§ **What the task requires**:
Transcription, pictures excluded: write out the data below exactly.

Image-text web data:
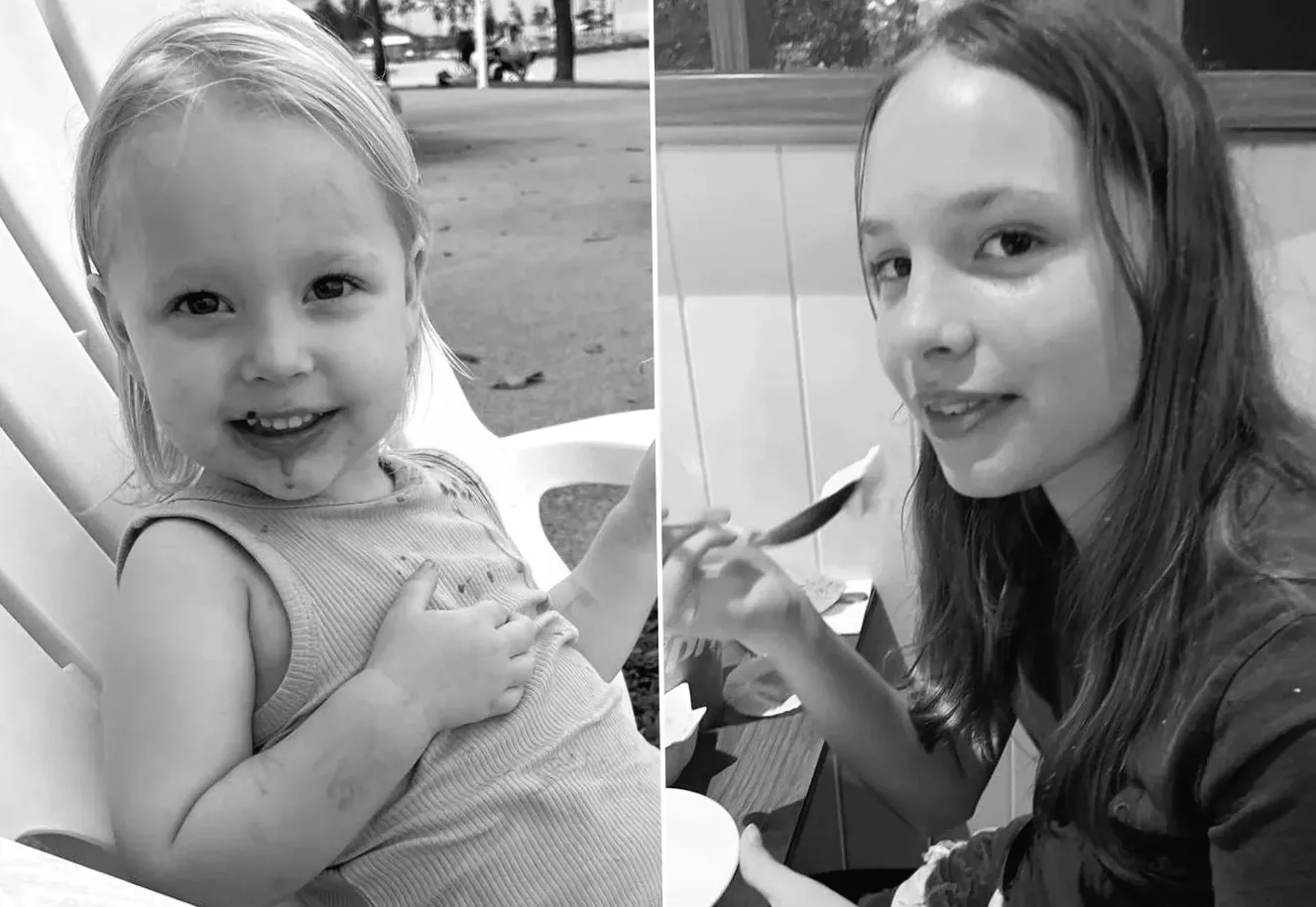 Дві молоді сестри померли в лікарні дні після втечі з пожежі, що повністю знищила їхній дом.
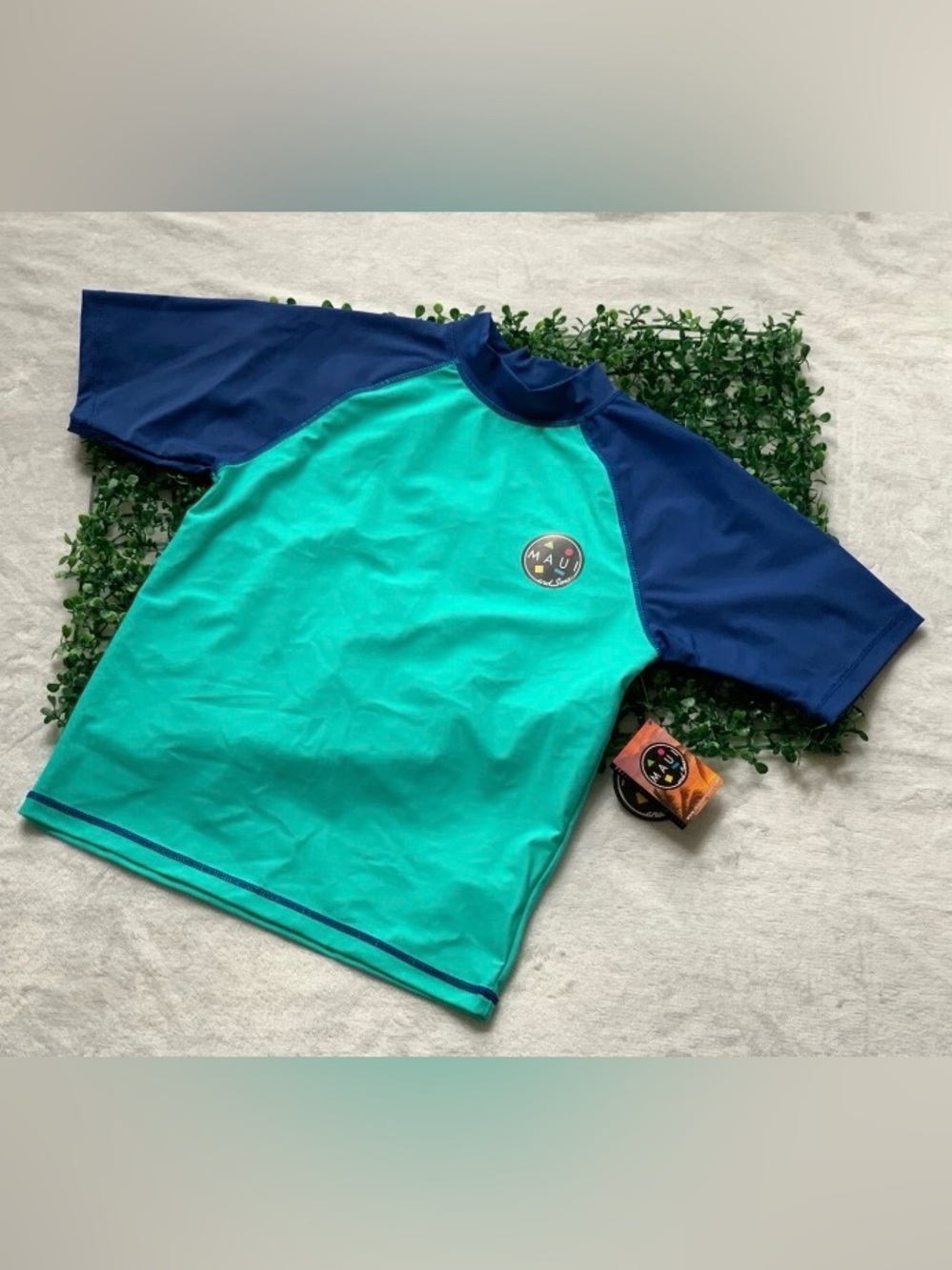 Maui and Sons Teal and Navy Short-Sleeve Rash Guard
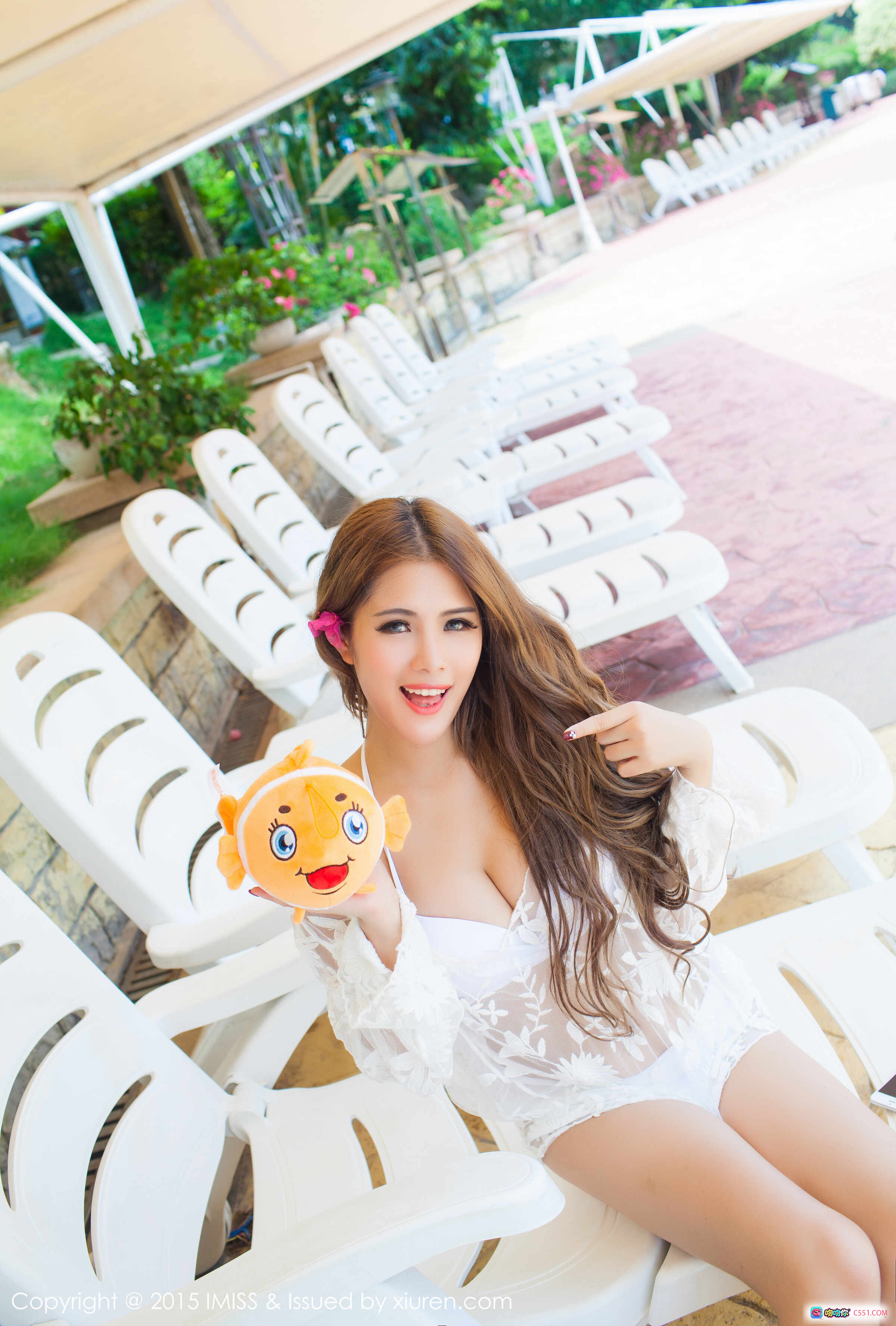 图片[6] - 妍妍Yanyan白色比基尼写真 | 木屋温泉边性感美腿 | IMiss爱蜜社2015年7月29日VOL.008高清图集 - 就要吻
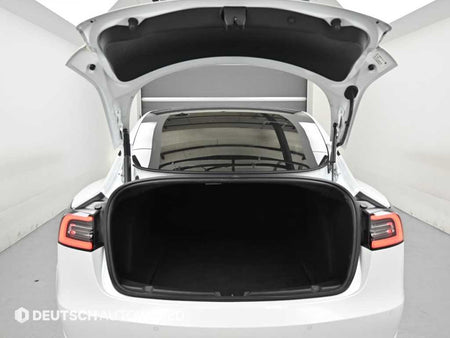 Tesla Model 3 — photo 19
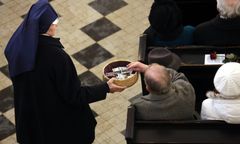 Koniec tradycyjnej tacy? Księża mają inną propozycję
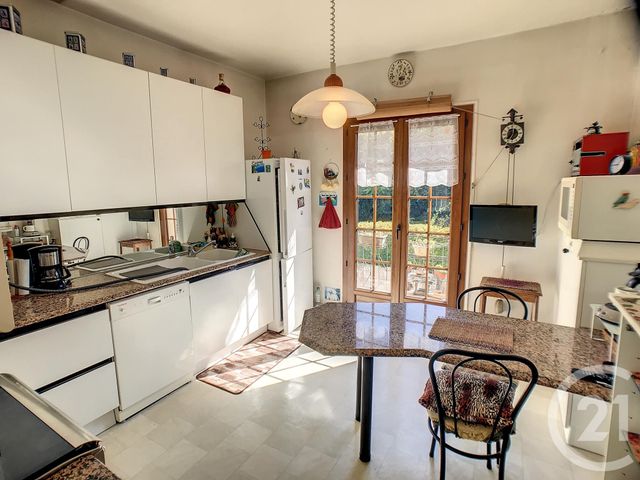Appartement à vendre - 5 pièces - 104.82 m2 - AUCH - 32 - MIDI-PYRENEES - Century 21 J.V. Immo
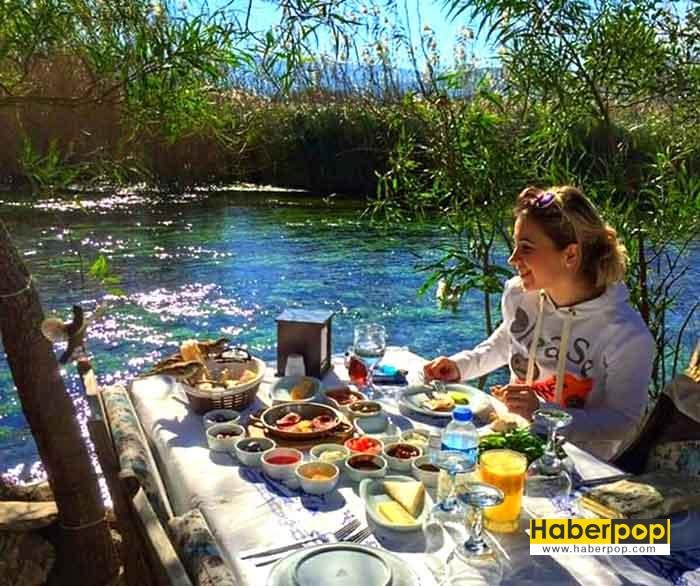 Turkiyenin-gezilecek-yerleri-gokova-akkaya-mugla-nerede-kalinir-ne-yenilir-yemek-icmek-tur-kamp-karavan-deniz-kumsal-tatil-kahvalti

§ **Your response**:
 Дві молоді сестри померли в лікарні дні після втечі з пожежі, що повністю знищила їхній дом.
 Maui and Sons Teal and Navy Short-Sleeve Rash Guard
 图片[6] - 妍妍Yanyan白色比基尼写真 | 木屋温泉边性感美腿 | IMiss爱蜜社2015年7月29日VOL.008高清图集 - 就要吻
 Tesla Model 3 — photo 19
 Koniec tradycyjnej tacy? Księża mają inną propozycję
Appartement à vendre - 5 pièces - 104.82 m2 - AUCH - 32 - MIDI-PYRENEES - Century 21 J.V. Immo
 Turkiyenin-gezilecek-yerleri-gokova-akkaya-mugla-nerede-kalinir-ne-yenilir-yemek-icmek-tur-kamp-karavan-deniz-kumsal-tatil-kahvalti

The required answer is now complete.